## Problem requirements:
Your reply should consist of the entries, copied exactly and stripped of images.

Pictures with short captions:
——————————

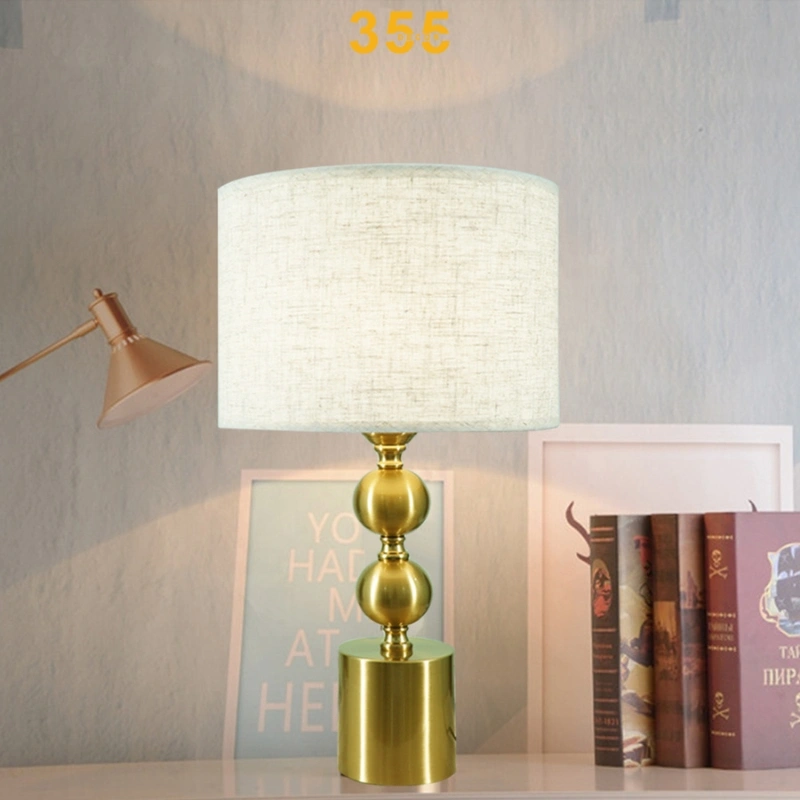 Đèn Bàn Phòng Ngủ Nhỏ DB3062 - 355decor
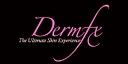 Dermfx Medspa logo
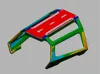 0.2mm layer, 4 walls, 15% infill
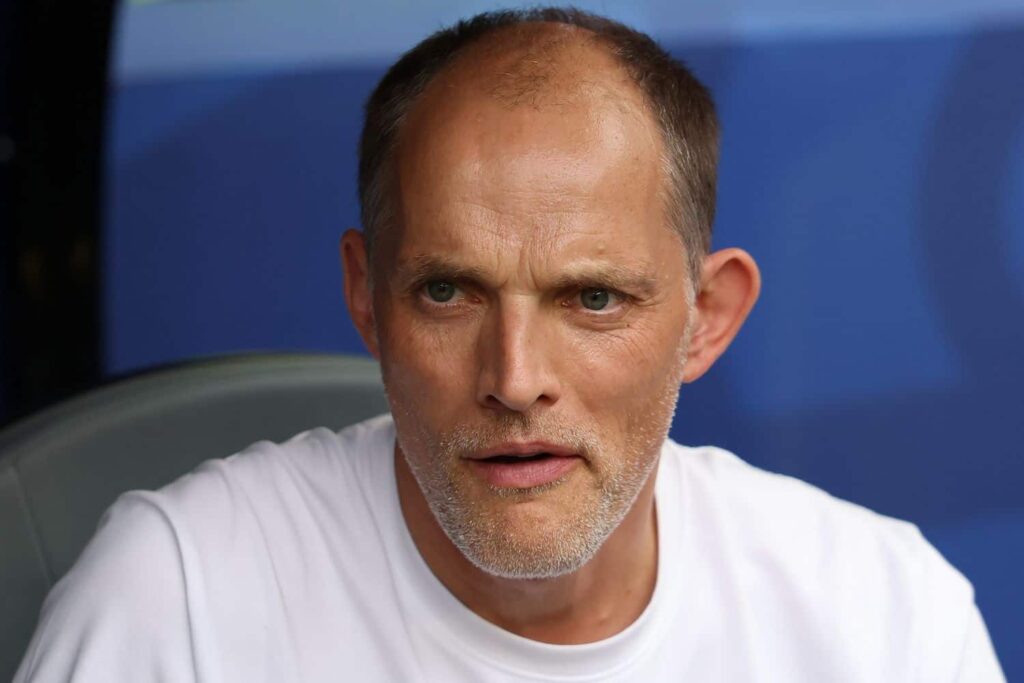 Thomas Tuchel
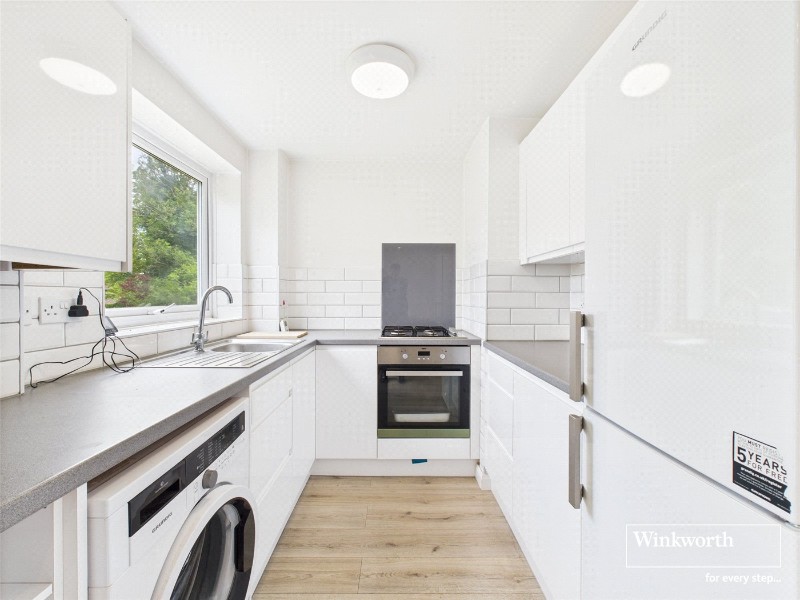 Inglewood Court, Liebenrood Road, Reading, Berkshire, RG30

——————————

## Output:
 Đèn Bàn Phòng Ngủ Nhỏ DB3062 - 355decor
 Dermfx Medspa logo
 0.2mm layer, 4 walls, 15% infill
 Thomas Tuchel
 Inglewood Court, Liebenrood Road, Reading, Berkshire, RG30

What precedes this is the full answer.